Studio

white series

studio

the white series

My forms have simplified over the years, a conscious effort on my part to get to some elemental place with the figure, to cut out the non-essentials and reduce the forms to an essence of the body. My teacher in this was my brother David, who died suddenly in 2005 in California from multiple sclerosis. His disease was diagnosed in 2001, and rapidly progressed to a state of nerve degeneration that affected all parts of his life. 

Whenever I saw him, I had to watch helplessly as his body slowly lost control of its nervous system. The changes between our visits were pronounced, but as things got worse, he always seemed to be at peace. I was in awe of this, and when I asked him about it, he told me that when he realized early on the depth of his disease, he came to the truth that he just had to let go of the things around him that he didn’t have space for and hold onto those that he did. The ease in which he accepted his disease, his body, its limitations and his eventual death was a gift that I think about all the time. There’s a difference between acceptance and giving in, and David exemplified it. 

David taught me to accept and celebrate, to understand the power and emotion of simple gesture, how it communicates with others, and the empathy that can connect us when we share common experience.

 I had an exhibition at the Works Gallery in Philadelphia shortly after David died, a new body of work that was in process at the time of his death and had to be finished for the show.
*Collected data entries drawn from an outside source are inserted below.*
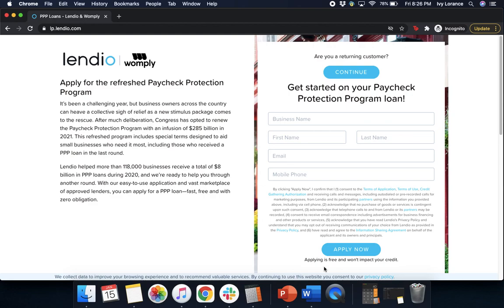Hi guys, this is Ivy from Womply here to show you how to fill out the Paycheck Protection Program form powered by Lendio, to hopefully make things a little bit easier. Let's go ahead and get started.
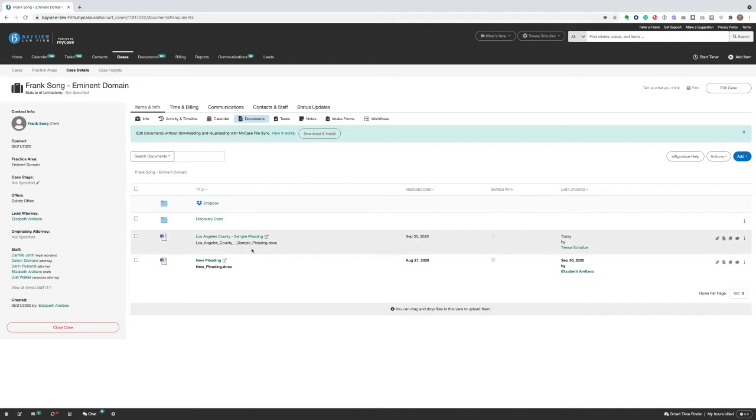Here's how it works. Let's say my paralegal started this document and now I need to finalize it. I just need to navigate to any list of documents and click on the icon next to the document's name.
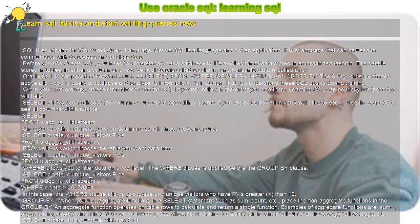from, where, group by, having, and order by.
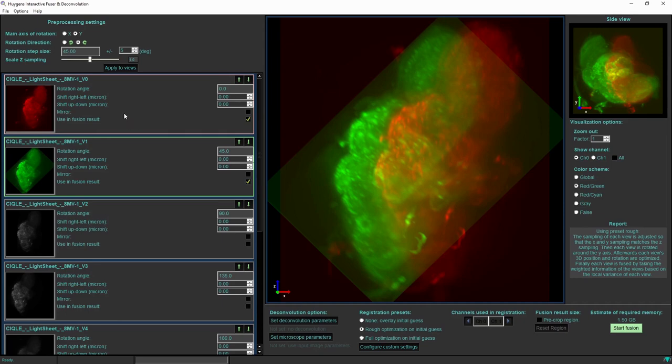Only the first two are selected. The very first view is displayed in red and it is the reference or the stationary view. The second one displayed in green is the moving view.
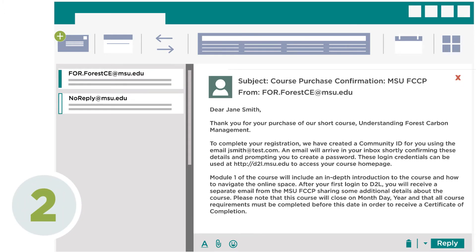Next, you'll receive a purchase confirmation from our online course assistant from the email address for.forestce@msu.edu. This email will contain the phrase "course purchase confirmation" in the subject line and will arrive within one to three business days of your course purchase.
This was the first grouping of the large-scale pots that I had shown. I decided to use the exhibition as a way honor David’s memory. I glazed the entire show using white glazes, removing the color and distilling the surfaces of the forms to simple tonalites of white in order to pare down the chatter amongst the pieces. I wanted the show to be ‘quiet’, to instill a sense of personal reflection. In doing so, I discovered the subtlety and beauty that’s possible when form is revealed by its core essence.